Question

If ABCD is a rhombus in which the altitude from D to side AB bisects AB. Then $\angle A$ and $\angle B$ respectively, are...
$\left( A \right){60^o},{120^o}$
$\left( B \right){120^o},{60^o}$
$\left( C \right){80^o},{100^o}$
$\left( D \right){100^o},{80^o}$

Answer 1

Hint: In this particular type of question use the concept that if two triangles are similar then the ratio of the respective side lengths is always equal and in an equilateral triangle all angles are equal to 60 degrees so use these concepts to reach the solution of the question.
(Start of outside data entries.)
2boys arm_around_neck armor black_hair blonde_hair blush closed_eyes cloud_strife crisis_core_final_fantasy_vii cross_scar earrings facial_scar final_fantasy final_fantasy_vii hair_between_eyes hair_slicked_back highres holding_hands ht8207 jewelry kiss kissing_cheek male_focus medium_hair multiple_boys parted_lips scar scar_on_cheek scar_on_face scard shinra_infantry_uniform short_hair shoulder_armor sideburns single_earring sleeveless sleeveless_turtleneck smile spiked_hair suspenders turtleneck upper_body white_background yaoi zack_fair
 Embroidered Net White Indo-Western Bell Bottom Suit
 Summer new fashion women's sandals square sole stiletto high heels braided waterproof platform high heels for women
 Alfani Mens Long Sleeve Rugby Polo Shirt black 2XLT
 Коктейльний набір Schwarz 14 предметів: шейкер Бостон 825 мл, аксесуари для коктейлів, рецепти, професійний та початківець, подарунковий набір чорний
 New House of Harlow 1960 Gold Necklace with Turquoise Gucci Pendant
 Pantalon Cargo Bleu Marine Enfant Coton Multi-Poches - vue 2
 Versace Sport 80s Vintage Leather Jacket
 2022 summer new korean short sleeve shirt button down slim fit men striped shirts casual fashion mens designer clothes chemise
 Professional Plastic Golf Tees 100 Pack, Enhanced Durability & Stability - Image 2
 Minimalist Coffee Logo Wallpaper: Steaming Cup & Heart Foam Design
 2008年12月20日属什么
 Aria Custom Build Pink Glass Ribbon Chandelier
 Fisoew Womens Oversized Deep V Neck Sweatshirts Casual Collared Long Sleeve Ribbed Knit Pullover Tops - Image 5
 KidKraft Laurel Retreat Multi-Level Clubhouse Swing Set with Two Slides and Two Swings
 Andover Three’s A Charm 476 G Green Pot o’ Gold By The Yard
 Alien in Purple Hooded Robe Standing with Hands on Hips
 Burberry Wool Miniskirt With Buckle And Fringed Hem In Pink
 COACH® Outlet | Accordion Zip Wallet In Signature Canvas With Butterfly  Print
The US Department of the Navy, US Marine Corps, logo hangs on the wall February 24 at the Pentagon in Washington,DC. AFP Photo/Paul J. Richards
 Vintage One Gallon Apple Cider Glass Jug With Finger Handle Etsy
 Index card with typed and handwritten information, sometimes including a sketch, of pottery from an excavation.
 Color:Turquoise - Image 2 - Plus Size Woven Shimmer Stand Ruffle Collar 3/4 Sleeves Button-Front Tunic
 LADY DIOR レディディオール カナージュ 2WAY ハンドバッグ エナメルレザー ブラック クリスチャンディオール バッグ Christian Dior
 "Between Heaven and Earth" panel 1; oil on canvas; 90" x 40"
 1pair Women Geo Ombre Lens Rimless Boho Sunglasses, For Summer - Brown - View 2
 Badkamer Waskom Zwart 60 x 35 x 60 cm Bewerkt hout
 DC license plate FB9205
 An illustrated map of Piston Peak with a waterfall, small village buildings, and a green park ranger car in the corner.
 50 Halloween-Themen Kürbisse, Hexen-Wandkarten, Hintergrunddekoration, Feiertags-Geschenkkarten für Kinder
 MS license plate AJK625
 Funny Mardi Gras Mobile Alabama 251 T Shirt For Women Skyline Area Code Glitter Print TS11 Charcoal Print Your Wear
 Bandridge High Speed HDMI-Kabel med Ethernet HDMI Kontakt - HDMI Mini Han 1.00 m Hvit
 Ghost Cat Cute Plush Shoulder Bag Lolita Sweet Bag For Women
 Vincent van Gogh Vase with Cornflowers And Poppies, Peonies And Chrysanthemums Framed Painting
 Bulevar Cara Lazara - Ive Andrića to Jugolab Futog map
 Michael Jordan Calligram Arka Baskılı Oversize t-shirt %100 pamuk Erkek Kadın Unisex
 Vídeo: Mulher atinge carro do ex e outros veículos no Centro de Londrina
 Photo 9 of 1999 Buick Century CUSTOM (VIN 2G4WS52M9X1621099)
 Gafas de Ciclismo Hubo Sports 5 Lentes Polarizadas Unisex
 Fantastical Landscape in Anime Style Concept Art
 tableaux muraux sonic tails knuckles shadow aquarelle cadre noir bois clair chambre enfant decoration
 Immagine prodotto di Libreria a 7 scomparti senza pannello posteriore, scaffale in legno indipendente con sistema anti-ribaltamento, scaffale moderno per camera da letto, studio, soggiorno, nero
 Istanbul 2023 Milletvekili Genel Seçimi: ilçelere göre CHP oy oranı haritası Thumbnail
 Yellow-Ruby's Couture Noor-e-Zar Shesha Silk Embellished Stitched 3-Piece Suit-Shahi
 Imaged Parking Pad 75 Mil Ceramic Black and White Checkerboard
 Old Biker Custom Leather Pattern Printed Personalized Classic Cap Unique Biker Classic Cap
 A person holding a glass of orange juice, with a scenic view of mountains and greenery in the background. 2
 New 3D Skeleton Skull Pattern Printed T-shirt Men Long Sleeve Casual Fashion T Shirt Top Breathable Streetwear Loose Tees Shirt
Complete step-by-step answer:

ABCD rhombus is shown above.
Now it is given that the altitude is drawn from point D on line AB and it bisects the line AB.
Let it intersect the line AB at point P.
Therefore, PA = PB.
Now as we all know that the altitude is nothing but the perpendicular.
Therefore, $ \Rightarrow \angle DPA = \angle DPB = {90^o}$
So in triangle ADP and BDP we have,
PA = PB
$\angle DPA = \angle DPB = {90^o}$
DP = DP (common)
So by SAS congruence the triangles ADP and BDP are similar to each other.
Therefore, AD = BD.............. (1)
Now as we know that in rhombus all sides are equal.
Therefore, AD = AP................ (2)
Now from equation (1) and (2) we have,
AD = AP = BD
So the triangle ADB is an equilateral triangle.
As we all know that in an equilateral triangle all angles are equal and = 60 degrees.
$ \Rightarrow \angle DAB = \angle DBA = \angle ADB = {60^o}$
Therefore, $\angle A = {60^o}$
Now, $\angle DBA = \angle DBC = {60^o}$
So, $\angle B = \angle DBA + \angle DBC = {60^o} + {60^o} = {120^o}$
So this is the required answer.
Hence option (A) is the correct answer.

Note – Whenever we face such types of questions the key concept we have to remember is that in a rhombus all sides are equal and the diagonal of the rhombus always bisect the respective angle of the diagonal so first prove that the triangles ADP and BDP are similar to each other then apply rhombus condition so that the big triangle is an equilateral triangle.